The installation of LED lighting is one of the most effective ways of cutting electricity consumption. With the legislative phasing out of traditional filament bulbs and halogen bulbs it is also now increasingly urgent. Already we are finding that certain bulbs for existing fittings (which in the case of the Cathedral date back to 1991) are increasingly difficult to source.
In 2016 we commenced the roll out of LED fittings in Cathedral House. Over 3 phases, the most recent in 2018, old 'CAT2' style recessed louvre fittings in Becket Hall, the CIC offices, corridors and toilets have been replaced with LED panels, which typically consume 60% less energy. We have also added motion sensors in the toilets. We have had positive feedback on improved light quality from user groups and future phases will include the music/song rooms and kitchen, and the 1F administrative offices.

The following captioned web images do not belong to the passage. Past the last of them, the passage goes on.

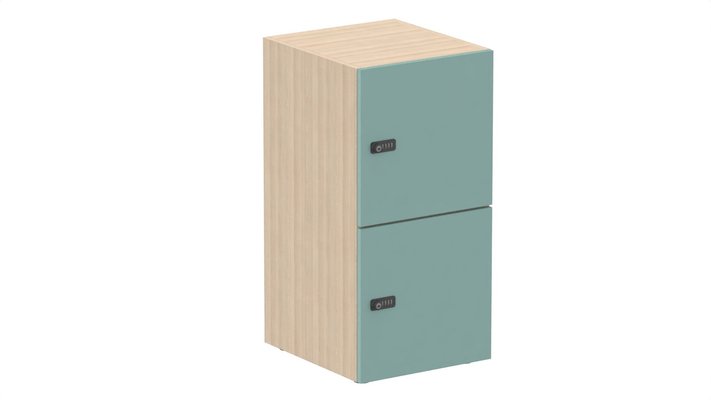 CASIERS - 2 cases - Meuble à cases H.92xL.45xP.50cm - 2 cases H43cm. portes pleine. serrure à code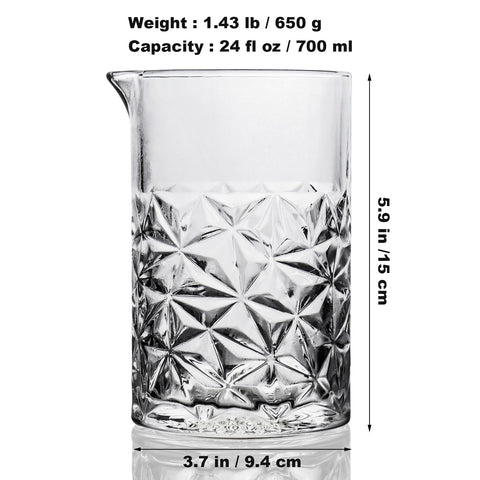 Almagic crystal stirring glass with engraved grip pattern for secure handling.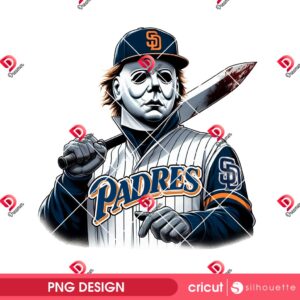 Michael Myers SD Padres Baseball PNG, Horror Myers Killer San Diego Padres Sport PNG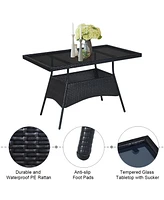 10PCS Patio Rattan Dining Set Cushioned Chair Table with Glass Top Garden Furniture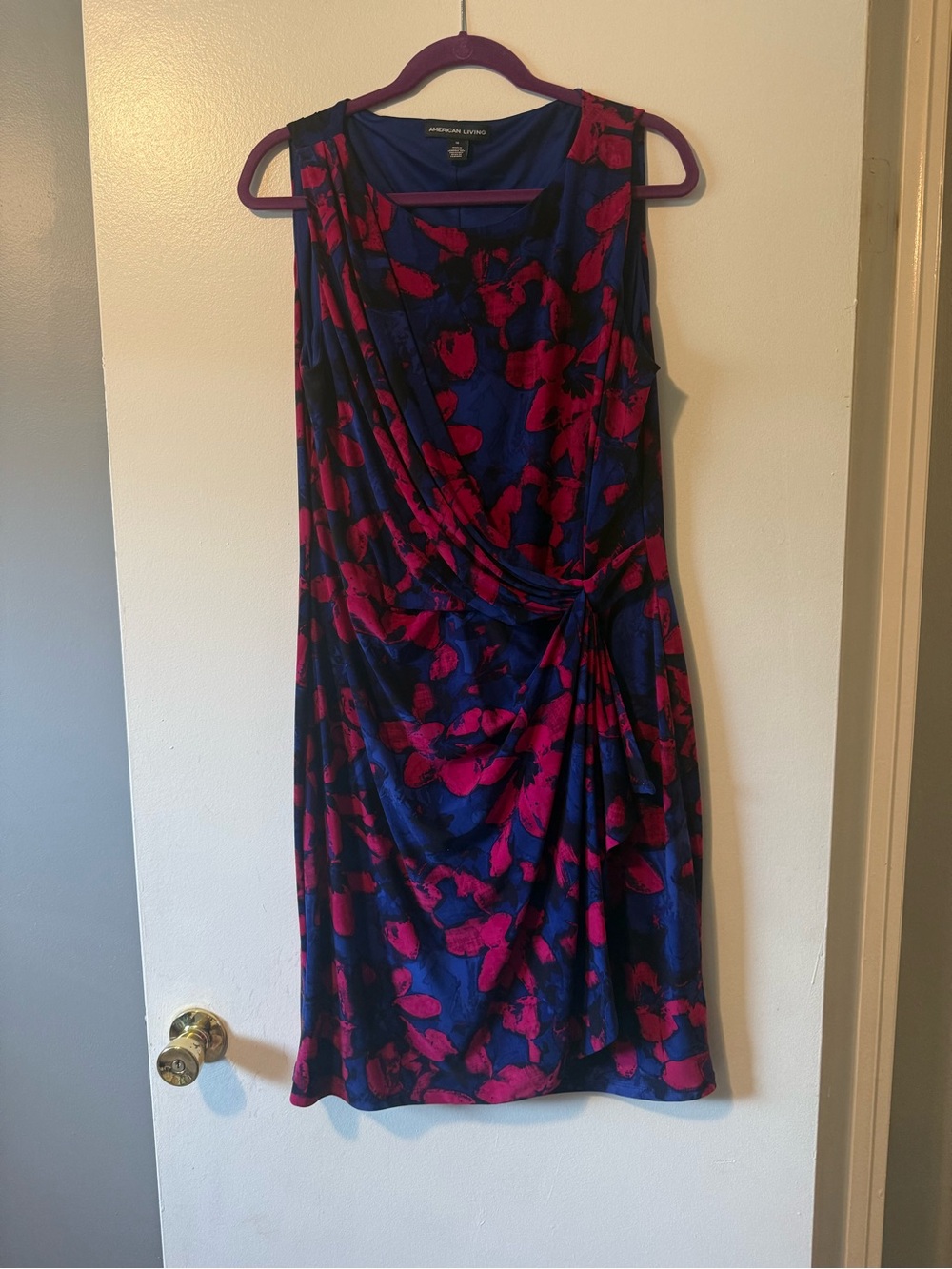 American Living Blue & Magenta Floral Faux-Wrap Midi Dress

The Cathedral presents a greater cost challenge for LED lighting because many existing fittings have dimming programmes, thus any replacement will also involve infrastructure costs. We have initially re-lamped the non-dimmed areas, including the shop, reception area, Nave and ambulatories. This has had a marked effect on electricity consumption – falling immediately by c15% and thus paying back the bulb costs in around 4-6months. Upgrading the remaining areas of the Cathedral is something that we hope to do within the next 2 years.
Externally the old floodlights have not been used since the 2008 recession. New LED lighting was however added to the tower in 2017. This consumes little power and has a variety of colour options – recently we lit the tower green at the end of March to mark Earth Hour as part of our social awareness activities.